Entries supplied:

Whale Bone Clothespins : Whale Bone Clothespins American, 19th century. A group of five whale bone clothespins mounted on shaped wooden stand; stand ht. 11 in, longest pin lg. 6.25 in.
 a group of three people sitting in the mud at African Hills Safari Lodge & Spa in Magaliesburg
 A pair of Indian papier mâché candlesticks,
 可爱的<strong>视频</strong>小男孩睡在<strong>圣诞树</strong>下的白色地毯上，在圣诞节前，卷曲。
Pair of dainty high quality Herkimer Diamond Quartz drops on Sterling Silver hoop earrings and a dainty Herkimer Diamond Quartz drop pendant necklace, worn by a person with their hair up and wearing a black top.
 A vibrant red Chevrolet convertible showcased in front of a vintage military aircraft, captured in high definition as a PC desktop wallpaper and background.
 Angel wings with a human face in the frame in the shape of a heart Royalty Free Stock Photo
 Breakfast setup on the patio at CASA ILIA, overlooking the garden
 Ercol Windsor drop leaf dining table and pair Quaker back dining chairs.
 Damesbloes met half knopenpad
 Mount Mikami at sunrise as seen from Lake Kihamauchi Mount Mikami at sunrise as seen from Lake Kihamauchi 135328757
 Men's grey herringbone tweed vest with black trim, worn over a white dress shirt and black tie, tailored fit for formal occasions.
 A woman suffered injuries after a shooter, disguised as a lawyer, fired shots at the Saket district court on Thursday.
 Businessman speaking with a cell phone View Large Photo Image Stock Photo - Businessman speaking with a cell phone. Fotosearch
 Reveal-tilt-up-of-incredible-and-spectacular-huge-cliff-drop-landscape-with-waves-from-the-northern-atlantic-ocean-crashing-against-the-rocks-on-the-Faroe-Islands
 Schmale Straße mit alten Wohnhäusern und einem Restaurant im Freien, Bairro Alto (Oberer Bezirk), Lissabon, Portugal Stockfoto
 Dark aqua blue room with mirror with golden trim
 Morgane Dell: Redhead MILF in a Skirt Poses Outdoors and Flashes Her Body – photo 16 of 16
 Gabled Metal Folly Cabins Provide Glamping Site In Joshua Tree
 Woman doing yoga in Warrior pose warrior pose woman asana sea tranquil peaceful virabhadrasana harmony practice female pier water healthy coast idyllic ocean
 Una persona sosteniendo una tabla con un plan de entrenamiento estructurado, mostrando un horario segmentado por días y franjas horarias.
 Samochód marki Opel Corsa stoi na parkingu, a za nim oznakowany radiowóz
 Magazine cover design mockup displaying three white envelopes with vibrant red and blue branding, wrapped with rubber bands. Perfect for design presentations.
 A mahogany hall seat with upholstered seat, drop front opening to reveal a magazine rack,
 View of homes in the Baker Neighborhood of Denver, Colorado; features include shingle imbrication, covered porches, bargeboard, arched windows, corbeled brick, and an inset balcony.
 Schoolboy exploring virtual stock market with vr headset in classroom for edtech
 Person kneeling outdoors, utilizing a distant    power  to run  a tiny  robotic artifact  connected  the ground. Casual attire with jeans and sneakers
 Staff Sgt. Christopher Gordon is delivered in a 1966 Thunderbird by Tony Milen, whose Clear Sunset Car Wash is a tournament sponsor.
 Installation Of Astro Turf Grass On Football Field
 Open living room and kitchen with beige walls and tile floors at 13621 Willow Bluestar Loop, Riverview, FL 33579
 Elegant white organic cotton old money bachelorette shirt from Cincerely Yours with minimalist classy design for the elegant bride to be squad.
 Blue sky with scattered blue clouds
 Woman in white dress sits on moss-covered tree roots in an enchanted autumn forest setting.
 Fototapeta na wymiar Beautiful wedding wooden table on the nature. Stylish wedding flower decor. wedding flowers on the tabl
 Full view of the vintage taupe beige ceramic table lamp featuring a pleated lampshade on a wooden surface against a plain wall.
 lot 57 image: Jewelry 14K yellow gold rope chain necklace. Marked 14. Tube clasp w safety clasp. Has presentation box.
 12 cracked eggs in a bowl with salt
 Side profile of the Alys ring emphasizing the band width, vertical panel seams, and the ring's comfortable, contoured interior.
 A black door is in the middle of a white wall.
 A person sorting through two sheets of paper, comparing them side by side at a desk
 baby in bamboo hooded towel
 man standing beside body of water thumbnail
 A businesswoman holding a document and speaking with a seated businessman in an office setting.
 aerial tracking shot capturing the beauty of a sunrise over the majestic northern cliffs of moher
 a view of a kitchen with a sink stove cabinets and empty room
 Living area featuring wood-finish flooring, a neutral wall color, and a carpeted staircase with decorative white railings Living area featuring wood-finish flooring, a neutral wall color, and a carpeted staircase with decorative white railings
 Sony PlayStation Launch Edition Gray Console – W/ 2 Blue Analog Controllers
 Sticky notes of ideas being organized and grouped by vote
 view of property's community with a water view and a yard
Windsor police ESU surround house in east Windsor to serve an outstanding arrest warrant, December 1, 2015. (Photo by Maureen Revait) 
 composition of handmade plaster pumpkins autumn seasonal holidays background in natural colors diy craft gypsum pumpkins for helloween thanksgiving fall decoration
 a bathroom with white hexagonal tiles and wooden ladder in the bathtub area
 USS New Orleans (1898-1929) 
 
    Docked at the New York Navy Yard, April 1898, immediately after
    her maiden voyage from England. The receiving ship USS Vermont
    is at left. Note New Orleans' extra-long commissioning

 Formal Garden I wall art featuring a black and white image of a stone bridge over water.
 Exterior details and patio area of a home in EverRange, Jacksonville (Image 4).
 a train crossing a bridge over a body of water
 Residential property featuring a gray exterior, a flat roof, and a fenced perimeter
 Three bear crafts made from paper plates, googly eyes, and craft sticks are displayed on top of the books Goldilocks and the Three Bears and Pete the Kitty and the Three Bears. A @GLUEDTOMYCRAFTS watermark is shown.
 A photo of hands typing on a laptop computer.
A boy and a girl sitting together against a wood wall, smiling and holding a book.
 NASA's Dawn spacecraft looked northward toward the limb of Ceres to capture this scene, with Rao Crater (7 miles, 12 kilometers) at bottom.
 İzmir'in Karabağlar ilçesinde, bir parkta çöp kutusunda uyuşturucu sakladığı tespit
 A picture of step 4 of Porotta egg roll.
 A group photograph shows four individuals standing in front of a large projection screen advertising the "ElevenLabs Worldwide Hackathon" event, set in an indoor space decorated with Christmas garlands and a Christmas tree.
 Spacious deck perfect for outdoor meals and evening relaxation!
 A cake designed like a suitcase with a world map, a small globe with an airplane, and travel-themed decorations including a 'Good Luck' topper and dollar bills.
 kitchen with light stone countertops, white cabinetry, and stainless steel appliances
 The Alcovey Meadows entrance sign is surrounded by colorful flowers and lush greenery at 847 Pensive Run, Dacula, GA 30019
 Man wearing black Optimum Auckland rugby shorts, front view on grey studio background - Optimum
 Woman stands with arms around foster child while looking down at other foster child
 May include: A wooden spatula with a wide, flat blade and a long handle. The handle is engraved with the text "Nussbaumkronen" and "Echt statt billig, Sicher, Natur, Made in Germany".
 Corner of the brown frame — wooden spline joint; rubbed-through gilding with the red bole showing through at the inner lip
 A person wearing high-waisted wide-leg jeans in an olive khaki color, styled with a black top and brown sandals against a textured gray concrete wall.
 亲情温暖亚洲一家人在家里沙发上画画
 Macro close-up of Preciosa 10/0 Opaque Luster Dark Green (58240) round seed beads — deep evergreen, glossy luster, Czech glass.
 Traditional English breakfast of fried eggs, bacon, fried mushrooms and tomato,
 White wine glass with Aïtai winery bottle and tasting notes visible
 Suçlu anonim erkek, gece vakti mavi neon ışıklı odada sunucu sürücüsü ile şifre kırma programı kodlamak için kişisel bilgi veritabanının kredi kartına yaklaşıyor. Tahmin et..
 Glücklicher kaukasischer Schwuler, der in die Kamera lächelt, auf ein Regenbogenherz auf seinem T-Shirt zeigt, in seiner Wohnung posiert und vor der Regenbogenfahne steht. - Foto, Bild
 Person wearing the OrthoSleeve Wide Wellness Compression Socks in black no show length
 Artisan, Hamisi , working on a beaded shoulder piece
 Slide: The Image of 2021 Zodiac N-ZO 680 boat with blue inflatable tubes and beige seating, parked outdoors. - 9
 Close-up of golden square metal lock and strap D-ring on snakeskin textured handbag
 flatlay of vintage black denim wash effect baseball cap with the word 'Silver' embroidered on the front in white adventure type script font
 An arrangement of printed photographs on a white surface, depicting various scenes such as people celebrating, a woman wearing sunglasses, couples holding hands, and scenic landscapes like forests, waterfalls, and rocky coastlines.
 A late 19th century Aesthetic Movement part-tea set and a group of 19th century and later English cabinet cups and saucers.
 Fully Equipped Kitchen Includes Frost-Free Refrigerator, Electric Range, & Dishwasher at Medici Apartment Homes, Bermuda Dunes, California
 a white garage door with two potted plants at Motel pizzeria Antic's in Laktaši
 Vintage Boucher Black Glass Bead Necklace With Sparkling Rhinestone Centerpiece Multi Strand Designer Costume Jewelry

Your assignment: Both the line containing "is at left." and the line containing "A photo of hands" belong in the answer. Print them and every line above that falls between them exactly, and no others.

Answer section:
    is at left. Note New Orleans' extra-long commissioning

 Formal Garden I wall art featuring a black and white image of a stone bridge over water.
 Exterior details and patio area of a home in EverRange, Jacksonville (Image 4).
 a train crossing a bridge over a body of water
 Residential property featuring a gray exterior, a flat roof, and a fenced perimeter
 Three bear crafts made from paper plates, googly eyes, and craft sticks are displayed on top of the books Goldilocks and the Three Bears and Pete the Kitty and the Three Bears. A @GLUEDTOMYCRAFTS watermark is shown.
 A photo of hands typing on a laptop computer.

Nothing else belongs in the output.